Training a Custom Model with OpenAI’s GPT-4 Takes $2-$3 Million

IBL News | New York

Training a custom model from scratch using OpenAI’s GPT-4 may take several months, with pricing starting at $2 to $3 million, according to the company.

This high price sparked a discussion among practitioners on Twitter, now known as X. Many users agreed that a much smaller pre-trained base model with fine-tuning on top of it would cost ten times less.

OpenAI justifies the price by stating:

“The Custom Models program gives selected organizations an opportunity to work with a dedicated group of OpenAI researchers to train custom GPT-4 models to their specific domain.”

“This includes modifying every step of the model training process, from doing additional domain-specific pre-training to running a custom RL post-training process tailored for the specific domain.”

“Organizations will have exclusive access to their custom models.
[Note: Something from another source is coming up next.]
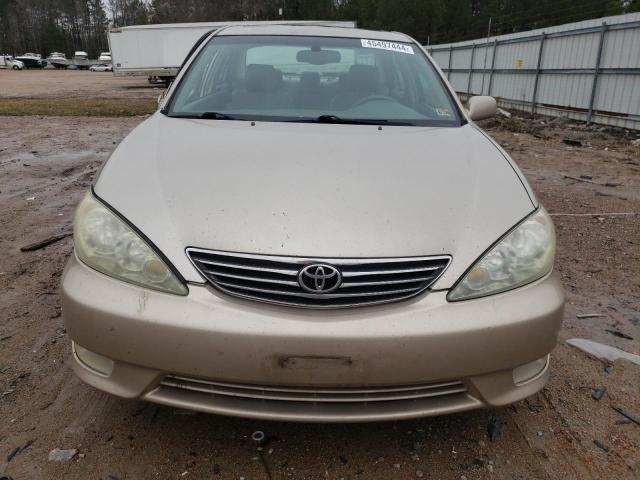 4T1BF30K95U614647 - 2005 TOYOTA CAMRY LE BEIGE photo 5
This program is particularly applicable to domains with extremely large proprietary datasets—billions of tokens at minimum.”
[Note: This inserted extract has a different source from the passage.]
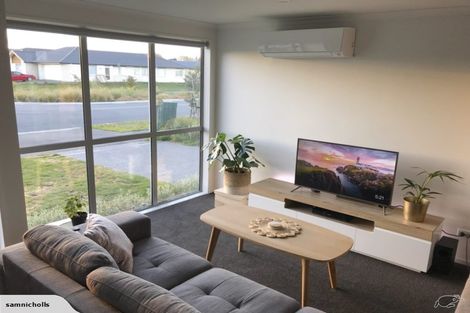 Photo of property in 21 Carrs Road, Wigram, Christchurch, 8025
On the other hand, OpenAI announced Data Partnerships, an initiative intended to work with organizations to produce public and private datasets for training AI models as a way to combat models that contain toxic language and biases.

To work with data and PDFs in those large-scale datasets, OpenAI says that it uses world-class OCR technology and automatic speech recognition (ASR) to transcribe spoken words.